このシーンに対してどんな相応しい解説があるのだろうかと感じた。
捕鯨に対しては鯨がかわいそうと言うくせに。
あるのは理不尽だ。
しかし、これが人間の本質なのかもと思い当たると、日常に感じる不平不満など子供のダダと同類に過ぎない。
人間がフカヒレを獲るためにサメにやってることは、人間同士でだってやっている。
直接殺すということはしないし、してはいけない、そういうルールは作った上で、『社会的な死』に代表される『〇〇的な死』を相手に与えることを競いあっている、あらゆる分野で。
そんなことは嫌だと感じてる人もこのゲームの立派なプレイヤーの一人だから嘆いてもしょうがない。
人間が展開する弱肉強食にはセクハラやパワハラに代表される各種のハラスメントもある。
パワハラという言い方をするとせこいイメージが漂うが、これを権力と呼び換えると太刀打つのが困難な壁に感じられる。
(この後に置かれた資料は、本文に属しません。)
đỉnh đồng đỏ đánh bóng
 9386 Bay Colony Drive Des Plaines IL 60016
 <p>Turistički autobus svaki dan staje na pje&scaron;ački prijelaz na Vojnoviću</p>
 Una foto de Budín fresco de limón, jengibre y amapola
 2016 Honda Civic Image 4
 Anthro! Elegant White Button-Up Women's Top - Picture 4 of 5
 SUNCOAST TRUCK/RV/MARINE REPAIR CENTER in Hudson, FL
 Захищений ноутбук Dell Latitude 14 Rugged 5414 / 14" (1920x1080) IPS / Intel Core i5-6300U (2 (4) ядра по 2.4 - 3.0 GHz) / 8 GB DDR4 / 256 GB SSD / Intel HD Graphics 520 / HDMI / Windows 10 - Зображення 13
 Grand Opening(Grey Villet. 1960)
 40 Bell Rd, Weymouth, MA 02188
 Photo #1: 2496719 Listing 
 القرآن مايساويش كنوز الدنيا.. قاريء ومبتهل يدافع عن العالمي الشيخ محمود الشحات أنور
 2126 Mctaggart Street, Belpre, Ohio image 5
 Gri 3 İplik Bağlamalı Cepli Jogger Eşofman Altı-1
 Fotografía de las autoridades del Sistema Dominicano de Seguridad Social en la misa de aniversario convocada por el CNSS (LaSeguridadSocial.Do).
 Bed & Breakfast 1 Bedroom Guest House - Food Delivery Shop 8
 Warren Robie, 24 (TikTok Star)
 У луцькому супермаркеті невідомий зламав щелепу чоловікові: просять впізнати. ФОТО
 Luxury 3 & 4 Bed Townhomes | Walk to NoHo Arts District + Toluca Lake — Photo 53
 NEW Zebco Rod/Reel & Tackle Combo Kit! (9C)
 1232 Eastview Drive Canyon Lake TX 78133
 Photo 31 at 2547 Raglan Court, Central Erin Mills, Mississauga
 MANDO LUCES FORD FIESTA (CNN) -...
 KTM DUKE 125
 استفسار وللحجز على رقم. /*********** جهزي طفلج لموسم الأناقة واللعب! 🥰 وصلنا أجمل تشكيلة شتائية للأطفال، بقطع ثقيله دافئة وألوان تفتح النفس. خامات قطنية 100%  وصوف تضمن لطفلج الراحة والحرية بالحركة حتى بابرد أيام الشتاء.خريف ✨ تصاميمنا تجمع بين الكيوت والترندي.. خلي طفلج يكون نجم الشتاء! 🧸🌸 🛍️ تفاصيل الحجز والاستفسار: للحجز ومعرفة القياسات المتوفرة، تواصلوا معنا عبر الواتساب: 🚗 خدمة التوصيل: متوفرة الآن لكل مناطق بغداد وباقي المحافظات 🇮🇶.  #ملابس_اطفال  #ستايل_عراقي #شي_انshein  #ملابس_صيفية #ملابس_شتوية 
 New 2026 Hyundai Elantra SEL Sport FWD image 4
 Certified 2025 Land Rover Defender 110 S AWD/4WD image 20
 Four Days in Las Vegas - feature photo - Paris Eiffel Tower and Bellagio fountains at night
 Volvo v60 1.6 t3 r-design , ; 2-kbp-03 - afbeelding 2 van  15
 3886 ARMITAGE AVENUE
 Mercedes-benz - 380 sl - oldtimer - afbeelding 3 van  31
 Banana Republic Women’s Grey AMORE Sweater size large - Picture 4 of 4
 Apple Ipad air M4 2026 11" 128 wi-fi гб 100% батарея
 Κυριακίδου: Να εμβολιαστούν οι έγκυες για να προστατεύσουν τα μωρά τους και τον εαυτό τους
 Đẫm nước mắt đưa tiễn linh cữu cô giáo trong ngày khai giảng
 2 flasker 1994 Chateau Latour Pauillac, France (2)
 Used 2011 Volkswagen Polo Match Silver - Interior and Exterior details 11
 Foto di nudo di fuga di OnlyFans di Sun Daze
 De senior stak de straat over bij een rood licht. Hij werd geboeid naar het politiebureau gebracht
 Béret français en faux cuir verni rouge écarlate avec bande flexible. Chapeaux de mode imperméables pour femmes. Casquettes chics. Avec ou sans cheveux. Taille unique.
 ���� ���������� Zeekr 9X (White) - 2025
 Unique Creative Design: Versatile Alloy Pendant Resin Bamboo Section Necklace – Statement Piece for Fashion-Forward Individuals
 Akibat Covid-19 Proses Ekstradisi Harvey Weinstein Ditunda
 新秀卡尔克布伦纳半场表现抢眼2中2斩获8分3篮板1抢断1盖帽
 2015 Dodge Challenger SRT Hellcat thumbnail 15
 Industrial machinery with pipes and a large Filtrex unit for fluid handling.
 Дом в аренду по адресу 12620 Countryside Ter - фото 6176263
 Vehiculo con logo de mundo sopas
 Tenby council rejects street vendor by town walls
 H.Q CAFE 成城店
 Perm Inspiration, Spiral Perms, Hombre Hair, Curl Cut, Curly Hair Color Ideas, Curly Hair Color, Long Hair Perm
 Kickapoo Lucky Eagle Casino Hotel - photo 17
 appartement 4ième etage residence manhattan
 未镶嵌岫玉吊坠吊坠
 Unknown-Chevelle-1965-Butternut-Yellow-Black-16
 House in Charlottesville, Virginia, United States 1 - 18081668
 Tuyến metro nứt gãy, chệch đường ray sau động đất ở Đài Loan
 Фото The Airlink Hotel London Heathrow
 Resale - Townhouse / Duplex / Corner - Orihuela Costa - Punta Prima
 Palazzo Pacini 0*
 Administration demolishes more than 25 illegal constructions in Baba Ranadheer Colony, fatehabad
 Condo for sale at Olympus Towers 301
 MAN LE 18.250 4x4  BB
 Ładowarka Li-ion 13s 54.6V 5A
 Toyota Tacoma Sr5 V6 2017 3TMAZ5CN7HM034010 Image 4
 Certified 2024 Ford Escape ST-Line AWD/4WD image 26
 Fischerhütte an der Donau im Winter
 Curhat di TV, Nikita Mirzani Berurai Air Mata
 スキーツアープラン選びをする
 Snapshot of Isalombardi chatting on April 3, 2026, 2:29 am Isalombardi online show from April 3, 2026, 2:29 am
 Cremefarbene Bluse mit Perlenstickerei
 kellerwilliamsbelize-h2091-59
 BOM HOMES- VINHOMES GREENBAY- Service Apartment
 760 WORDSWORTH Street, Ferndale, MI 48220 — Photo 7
最近ジャニーズのセクハラは、これまで悪い噂と無縁だった山下達郎竹内まりや夫妻にも飛び火し、一旦着火すると火種はずっと以前から燻っていたことが明るみに出ている。
まさに晩節を汚すだ。
ふと思ったのは、晩節を汚すなんていう生き方は、弱肉強食や食物連鎖からは決して連想できない生き方だということ。
こんな生き方は人間にしかできないのだ。
フカヒレのためにヒレを切り取られ海底でもがいてるサメと晩節を汚す生き方が脳裏で重なる。